Another provision provided by the government early in 2020 were direct payments up to $1,200 per individual plus $500 per child. A later round of direct payments mostly distributed in January of 2021 worth $600 per individual and child is still being distributed. These payments are not taxable. However, if you received a reduced payment or no payment due to 2018 or 2019 income, you may be entitled to an additional amount when you file your 2020 return. So be sure to provide the amount of your stimulus payment when you file your taxes
3. Taxes and Penalties on Early Retirement Account Withdrawals
Americans were granted some relief under the Cares Act that helps lower the tax bill for those who decided to take an early withdrawal from their retirement accounts last year. Unfortunately, those withdrawals will count as taxable income. The Cares Act provides two areas of relief. First, the additional 10% federal penalty and the 2.5% California penalty on early withdrawals will be waived. Secondly, taxpayers will have the option of spreading the taxation of their early withdrawal over the next three years. For example, if you withdrew $15,000 in 2020, you’ll have the option to report $5,000 each year in 2020, 2021, and 2022 instead of being taxed on the entire $15,000 in one year.

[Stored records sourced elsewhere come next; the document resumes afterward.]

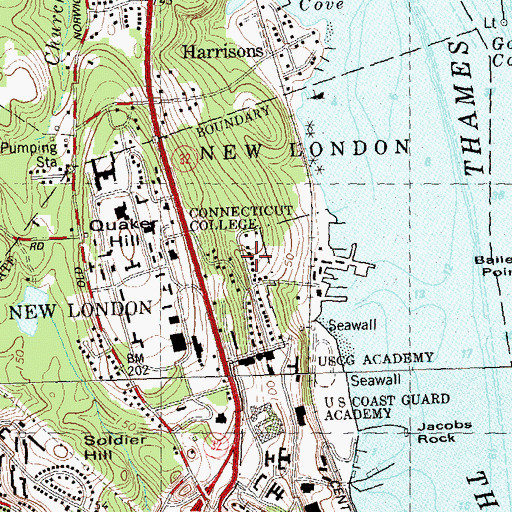 Topographic Map of Yeaton Hall, CT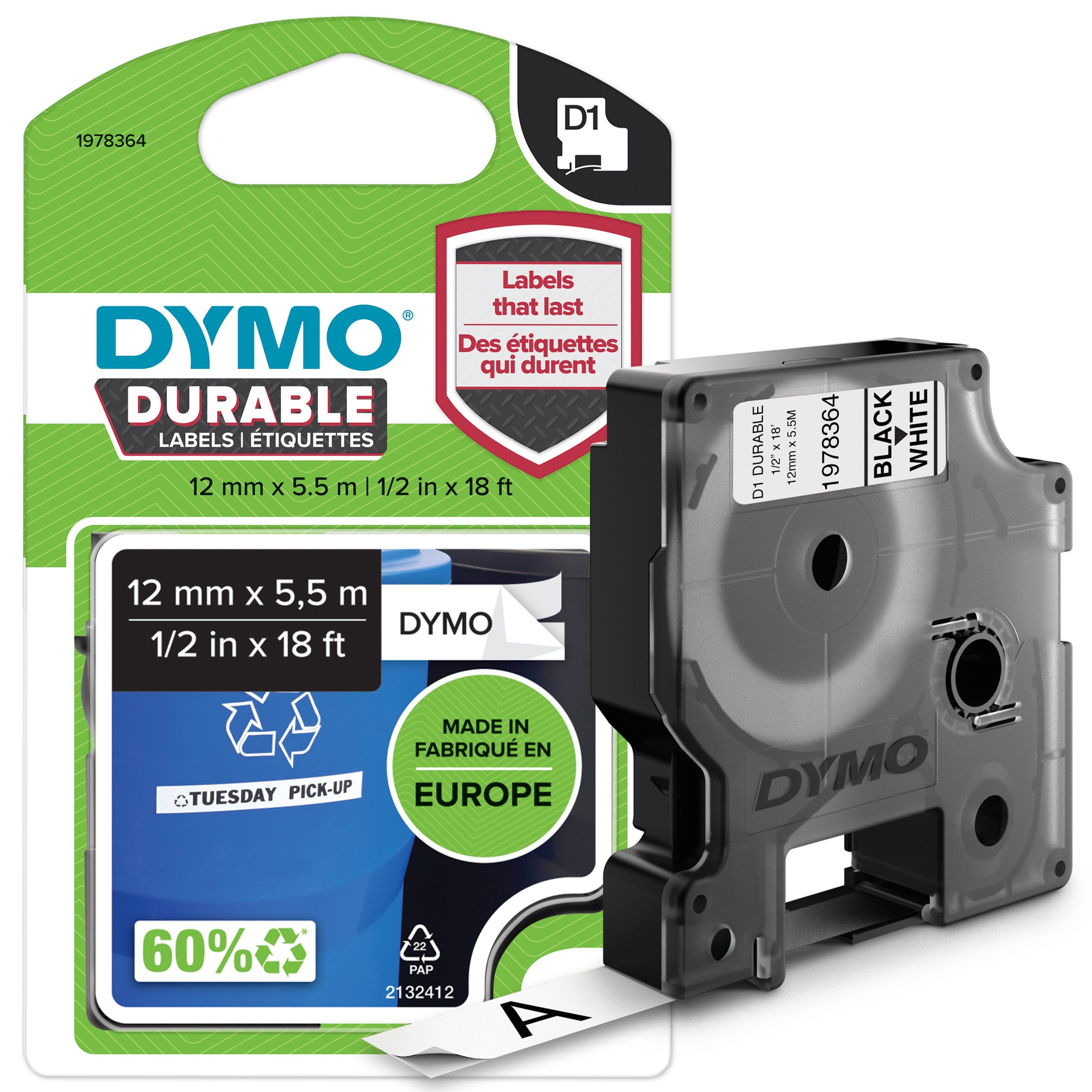 EAN 3501179783642 - DYMO D1 Durable - Black on White - 12mm cinta para impresora de etiquetas Negro sobre blanco imagen 1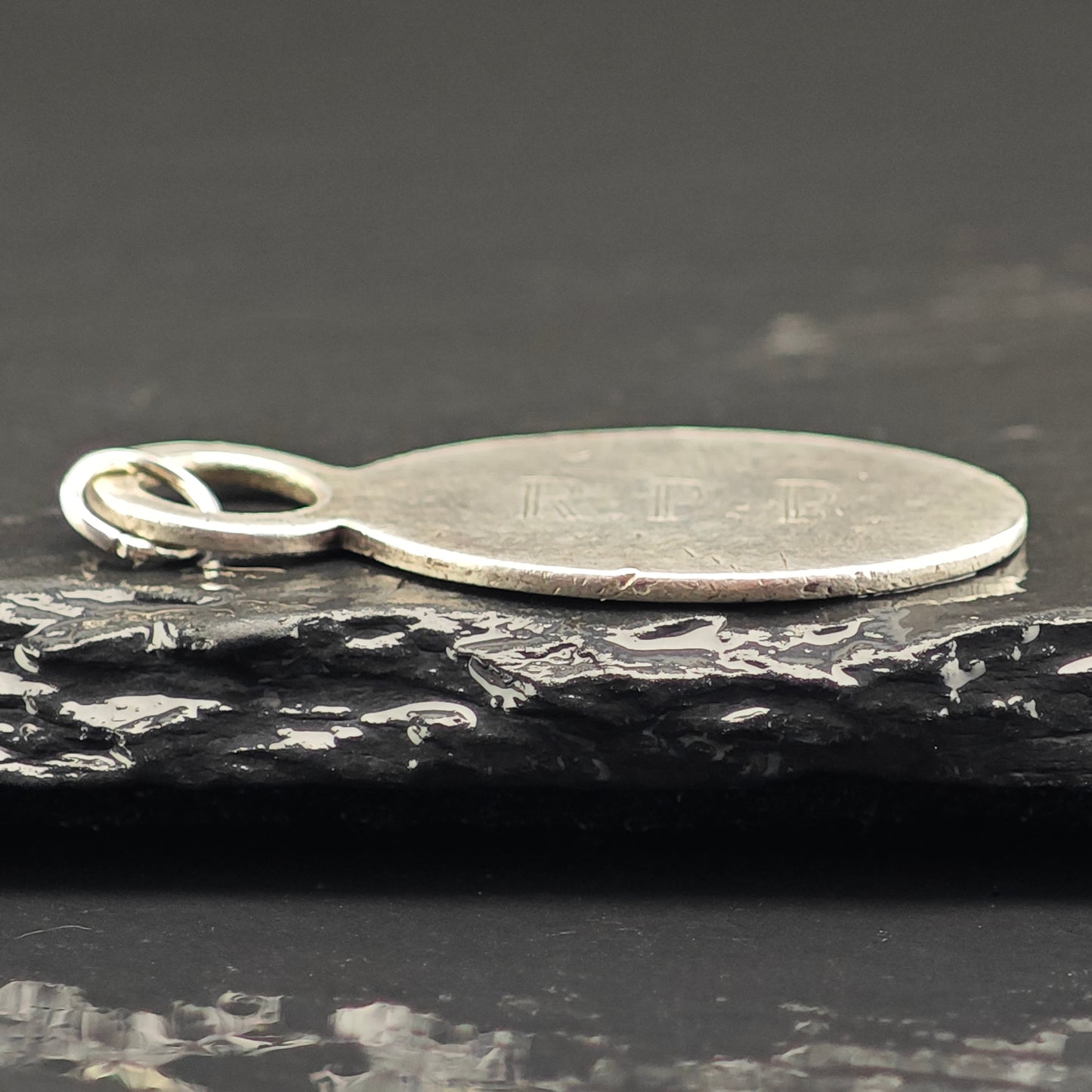 Antique Thomae Co. For Cartier Tag Pendant, Initialed R.P.P. Sterling Silver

4. Deducting Charity Even if You Don’t Itemize
The Cares Act provides a special provision to allow small charitable deductions without the need to itemize deductions. Therefore, taxpayers who usually take the Standard deduction can also take a small charitable deduction. The deduction amount is limited to $300 per tax return. Donations must be monetary because donated goods are not eligible.

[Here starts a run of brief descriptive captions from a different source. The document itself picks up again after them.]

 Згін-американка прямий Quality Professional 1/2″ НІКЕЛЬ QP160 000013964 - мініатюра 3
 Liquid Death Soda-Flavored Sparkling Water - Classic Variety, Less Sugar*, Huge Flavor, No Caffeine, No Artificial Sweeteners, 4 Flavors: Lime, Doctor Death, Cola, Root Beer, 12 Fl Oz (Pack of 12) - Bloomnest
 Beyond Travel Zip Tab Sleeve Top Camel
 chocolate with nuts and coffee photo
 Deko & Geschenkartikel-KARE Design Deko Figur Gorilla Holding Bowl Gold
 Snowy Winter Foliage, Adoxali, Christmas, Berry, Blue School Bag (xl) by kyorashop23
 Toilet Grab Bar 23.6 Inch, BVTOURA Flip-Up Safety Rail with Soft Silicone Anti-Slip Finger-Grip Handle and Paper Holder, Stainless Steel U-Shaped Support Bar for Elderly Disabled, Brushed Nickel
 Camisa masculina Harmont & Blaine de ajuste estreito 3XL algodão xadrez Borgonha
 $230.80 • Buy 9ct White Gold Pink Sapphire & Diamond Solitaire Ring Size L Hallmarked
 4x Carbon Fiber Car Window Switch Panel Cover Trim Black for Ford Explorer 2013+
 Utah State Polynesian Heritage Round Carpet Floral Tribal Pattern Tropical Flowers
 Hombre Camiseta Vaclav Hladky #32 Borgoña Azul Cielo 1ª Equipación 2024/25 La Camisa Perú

5. Choose Either 2019 or 2020 Earned Income to Calculate Earned Income Credit and Child Tax Credit
Due to wild changes in income for most Americans, the Cares act allows taxpayers to calculate their Earned Income Credit and Additional Child Tax Credits based on either their 2019 income or their 2020 income. The Earned Income Credit and Additional Child Tax credit require minimum amounts of earned income from a taxpayer before they can claim either credit. Unemployment benefits do not count as earned income. Therefore, if a low-income taxpayer only had unemployment income in 2020, they would ordinarily be excluded from claiming either credit. Allowing the election to use 2019 earned income for the purposes of claiming these two credits(assuming their 2019 income was relatively low), will be a godsend for many hard-up low-income families.

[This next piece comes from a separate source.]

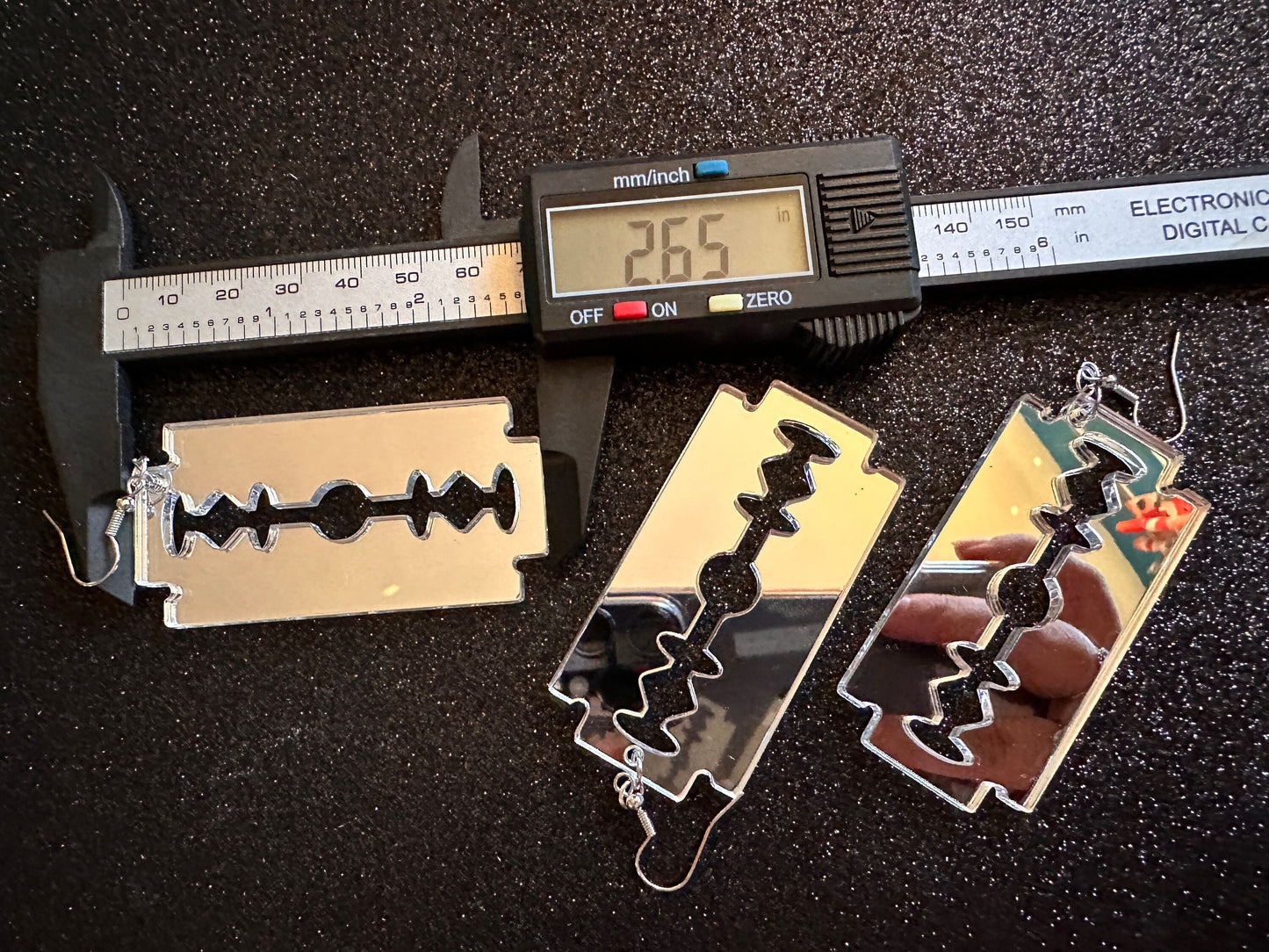 Big Mirrored Razor Blade Earrings: Laser Cut Acrylic Halloween Accessories, Scary, Horror, Murder, Shaving, Knife, Gifts for Her/Him/Them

6. It’s Baaaack! Penalty for No Health Insurance and Additional Covered California Tax Form
2020 marked the first year of California’s additional health insurance subsidy. Along with the subsidy comes a return of the uniformly loathed penalty for not having insurance. The penalty is $750 per adult and $375 per minor or 2.5% of your income, whichever is higher. If you did have insurance and you were a California subsidy recipient, you’ll need to review your Covered California account to find the new FTB 3895 form. You will need this new form as well as form 1095-A in order to file your tax return.
7. PPP Loans and Taxes
The Paycheck Protection Program (PPP) provided loans to small businesses that could be partially or totally forgiven depending on what the funds were used for. While the loans do not count as taxable income, the loans may still factor into your 2020 tax return.
Expenses paid with PPP loans will be deductible on your federal taxes but cannot be deducted on your California return. Unless California agrees to conform to the federal law on this topic, a special adjustment will need to be made on your tax return. PPP loans for self-employed(sole-proprietors) won’t need to worry about this adjustment as their loans are based on business profits, not expenses.